# [Recorded information]
════════════════════

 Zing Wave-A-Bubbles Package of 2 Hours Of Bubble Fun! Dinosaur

════════════════════

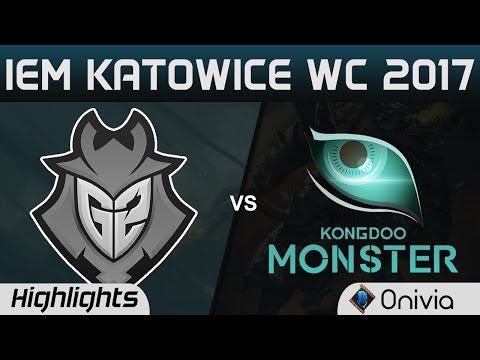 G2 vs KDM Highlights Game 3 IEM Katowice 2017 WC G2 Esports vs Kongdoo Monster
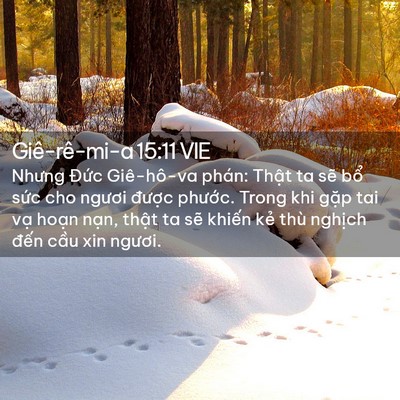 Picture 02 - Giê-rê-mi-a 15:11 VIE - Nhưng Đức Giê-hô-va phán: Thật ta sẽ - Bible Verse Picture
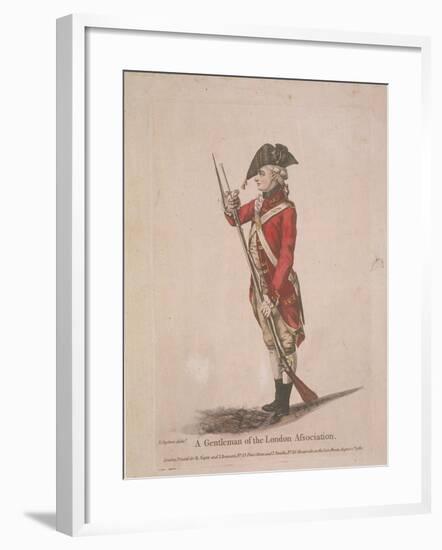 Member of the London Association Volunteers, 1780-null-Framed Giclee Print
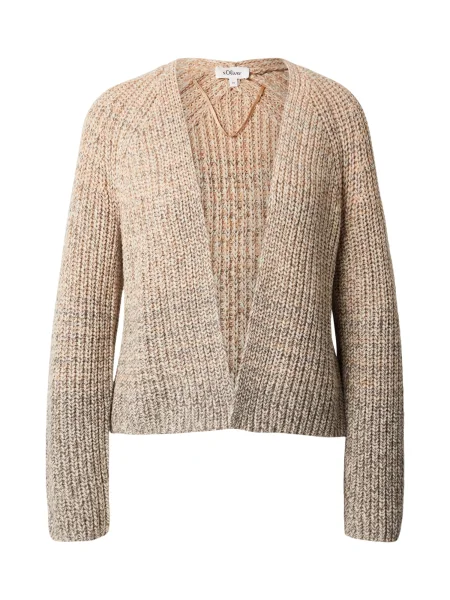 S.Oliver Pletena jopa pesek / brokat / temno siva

════════════════════

# [Exercise directions]
Repeat exactly the lines above, beginning at the one containing "Member of the" and ending at the one containing "S.Oliver Pletena jopa". Do not carry over any pictures.

# [Answer space]
 Member of the London Association Volunteers, 1780-null-Framed Giclee Print
 S.Oliver Pletena jopa pesek / brokat / temno siva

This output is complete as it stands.